Era un punto de inflexión, pero Bosch siguió el juego.

– No lo sé, no es mi ciudad, ni mi estado. Puedes elegir tú el sitio. Por aquí o de camino a Tampa. No me importa. Pero me gusta tu compañía, Jazz. Si a ti te gusta.

– ¿Cuánto hace que no has estado con una mujer? Me refiero a una cita.

– ¿En una cita? No lo sé. Unos meses, supongo. Pero, mira, no soy un caso imposible. Simplemente estoy solo en la ciudad y pensaba que tú…

– Está bien, Harry. Vamos.

– ¿A cenar?

– Sí, a cenar. Conozco un sitio de camino a Tampa, está en cima de Longboat. Tendrás que seguirme.

Bosch sonrió y asintió con la cabeza.

Ella conducía un Volkswagen escarabajo descapotable de color azul pastel con parachoques rojo. No la habría perdido ni en medio de una granizada, y menos en las lentas autopistas de Florida.

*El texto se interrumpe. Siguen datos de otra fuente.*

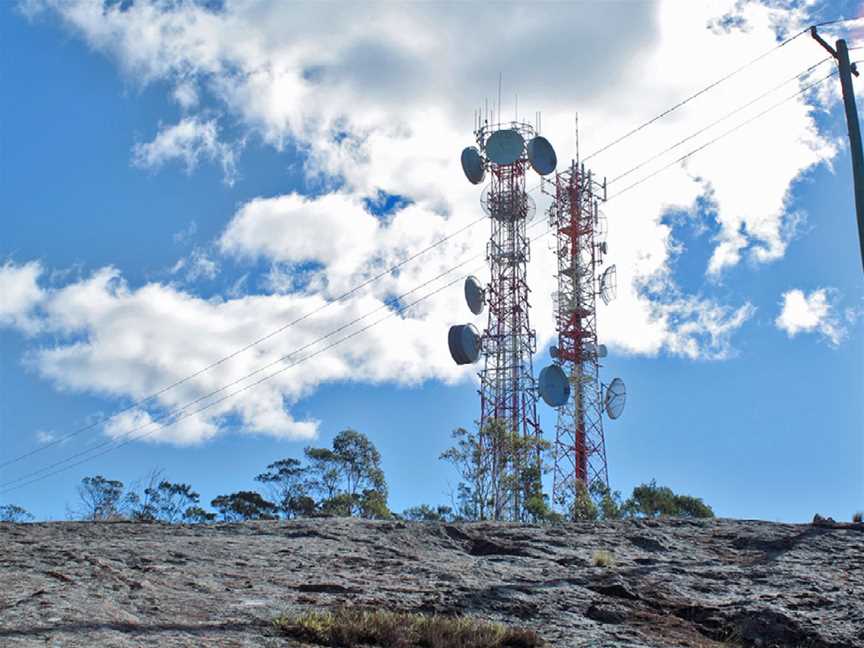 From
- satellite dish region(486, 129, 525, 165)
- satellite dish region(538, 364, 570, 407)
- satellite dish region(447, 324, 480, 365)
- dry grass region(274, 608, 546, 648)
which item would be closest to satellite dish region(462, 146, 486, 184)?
satellite dish region(486, 129, 525, 165)

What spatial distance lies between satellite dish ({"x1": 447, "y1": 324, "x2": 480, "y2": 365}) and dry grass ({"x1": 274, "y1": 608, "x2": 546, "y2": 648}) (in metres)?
31.0

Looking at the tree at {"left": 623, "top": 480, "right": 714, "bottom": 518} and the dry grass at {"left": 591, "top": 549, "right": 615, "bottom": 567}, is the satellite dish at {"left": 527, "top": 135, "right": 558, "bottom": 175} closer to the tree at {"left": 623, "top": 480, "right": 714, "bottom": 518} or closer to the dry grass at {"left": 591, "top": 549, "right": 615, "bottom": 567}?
the tree at {"left": 623, "top": 480, "right": 714, "bottom": 518}

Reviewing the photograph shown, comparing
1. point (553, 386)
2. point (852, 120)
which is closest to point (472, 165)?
point (553, 386)

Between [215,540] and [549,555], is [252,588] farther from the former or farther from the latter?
[549,555]

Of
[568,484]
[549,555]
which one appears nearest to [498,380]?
[568,484]

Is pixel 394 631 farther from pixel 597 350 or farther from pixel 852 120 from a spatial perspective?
pixel 597 350

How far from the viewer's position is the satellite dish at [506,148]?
45.4 m

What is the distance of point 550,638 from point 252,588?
4.01 m

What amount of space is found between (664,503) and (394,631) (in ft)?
119

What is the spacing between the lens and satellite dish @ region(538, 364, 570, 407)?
42.5m

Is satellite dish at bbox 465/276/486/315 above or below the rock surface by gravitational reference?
above

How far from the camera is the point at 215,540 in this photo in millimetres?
16172

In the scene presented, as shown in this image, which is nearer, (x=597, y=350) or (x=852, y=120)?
(x=852, y=120)

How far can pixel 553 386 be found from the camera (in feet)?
140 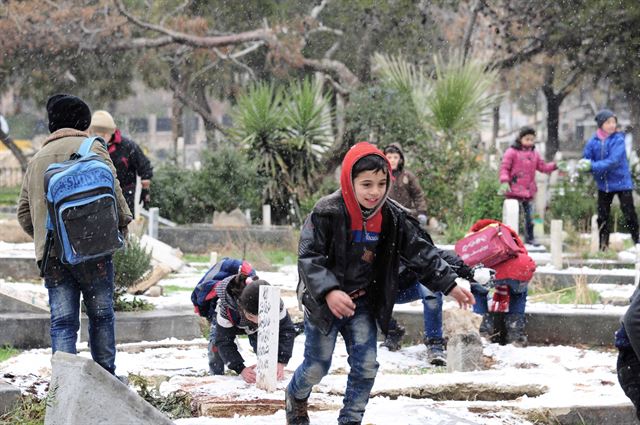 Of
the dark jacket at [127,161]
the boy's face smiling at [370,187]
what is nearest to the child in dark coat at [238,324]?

Bosch contó dos puentes levadizos en los que tuvieron que detenerse antes de llegar a Longboat Key. Desde allí se dirigieron hacia el norte a lo largo de la isla, cruzaron un puente hasta la isla de Anna Maria y finalmente se detuvieron en un lugar llamado Sandbar. Atravesaron el local y se sentaron en una terraza con vistas al golfo. Era agradable y comieron cangrejos y ostras acompañadas de cerveza mexicana. A Bosch le encantó.

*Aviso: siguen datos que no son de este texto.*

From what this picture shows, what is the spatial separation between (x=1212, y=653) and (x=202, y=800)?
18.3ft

No hablaron mucho, pero no hacía falta. Siempre era en los silencios cuando Bosch se sentía más cómodo con las mujeres con las que había estado a lo largo de su vida. Sentía que el efecto del vodka y la cerveza lo acercaban a ella, limando cualquier aspereza de la tarde. Experimentaba un creciente deseo. McKittrick y el caso habían quedado apartados en la oscuridad del fondo de su mente.

– Esto está bien -dijo él cuando finalmente se estaba acercando a su capacidad máxima de comer y beber-. Es genial.

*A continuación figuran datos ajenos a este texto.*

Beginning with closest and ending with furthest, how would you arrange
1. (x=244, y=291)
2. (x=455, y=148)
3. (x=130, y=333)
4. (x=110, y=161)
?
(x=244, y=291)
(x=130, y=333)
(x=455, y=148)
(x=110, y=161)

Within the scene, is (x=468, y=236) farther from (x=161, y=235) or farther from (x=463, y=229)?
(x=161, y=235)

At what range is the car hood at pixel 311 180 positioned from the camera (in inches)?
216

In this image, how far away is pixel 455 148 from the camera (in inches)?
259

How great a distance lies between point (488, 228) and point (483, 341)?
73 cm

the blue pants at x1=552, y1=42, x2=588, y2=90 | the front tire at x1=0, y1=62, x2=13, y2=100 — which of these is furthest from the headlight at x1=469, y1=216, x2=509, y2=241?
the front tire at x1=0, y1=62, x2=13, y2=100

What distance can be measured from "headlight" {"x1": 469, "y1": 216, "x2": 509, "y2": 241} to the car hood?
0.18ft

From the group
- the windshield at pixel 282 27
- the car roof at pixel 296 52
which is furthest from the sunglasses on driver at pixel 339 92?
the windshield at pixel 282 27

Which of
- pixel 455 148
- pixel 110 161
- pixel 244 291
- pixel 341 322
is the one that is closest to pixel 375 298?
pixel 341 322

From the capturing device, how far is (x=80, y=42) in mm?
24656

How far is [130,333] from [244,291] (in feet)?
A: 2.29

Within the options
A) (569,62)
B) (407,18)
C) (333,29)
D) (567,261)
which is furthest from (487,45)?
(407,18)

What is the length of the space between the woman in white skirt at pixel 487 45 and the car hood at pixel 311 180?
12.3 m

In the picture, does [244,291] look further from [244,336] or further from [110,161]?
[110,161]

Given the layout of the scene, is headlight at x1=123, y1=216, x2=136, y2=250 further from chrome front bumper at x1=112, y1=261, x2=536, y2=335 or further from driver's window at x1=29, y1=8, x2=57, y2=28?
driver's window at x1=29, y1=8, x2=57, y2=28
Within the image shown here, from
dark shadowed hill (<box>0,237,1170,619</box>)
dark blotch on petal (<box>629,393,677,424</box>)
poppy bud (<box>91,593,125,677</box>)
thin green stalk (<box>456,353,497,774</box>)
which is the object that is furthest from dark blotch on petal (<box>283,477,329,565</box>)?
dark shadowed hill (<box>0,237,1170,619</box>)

– Sí, lo hacen bien. ¿Puedo decirte algo, Bosch?

– Adelante.

– Sólo estaba bromeando en lo que he dicho antes de los polis de Los Ángeles. Pero he conocido a otros polis antes… y tú pareces diferente. No sé por qué, pero es como si hubieras conservado mucho de lo que tú eres, ¿sabes?

– Supongo. Gracias. Creo.

Los dos se echaron a reír y en un movimiento tentativo ella se inclinó y lo besó fugazmente en los labios. Fue bonito y Bosch sonrió. Sabía a ajo.

– Suerte que te ha quemado el sol porque te habrías puesto colorado otra vez.

– No. O sea has dicho una cosa bonita.

– ¿Quieres venir a mi casa, Bosch?

Esta vez vaciló. No porque tuviera que pensar su respuesta, sino porque quería darle a ella la oportunidad de retirarse en caso de que hubiera hablado demasiado deprisa. Después de un momento de silencio, Bosch sonrió y asintió con la cabeza.

– Sí, me gustaría.

Salieron del restaurante y se dirigieron tierra adentro hacia la autopista. Siguiendo al Volkswagen, Bosch se preguntó si ella se lo pensaría mejor mientras conducía sola. En el puente de Skyway obtuvo su respuesta. Cuando se detuvo en la caseta del peaje con su dólar en la mano, el empleado negó con la cabeza y rechazó el dinero.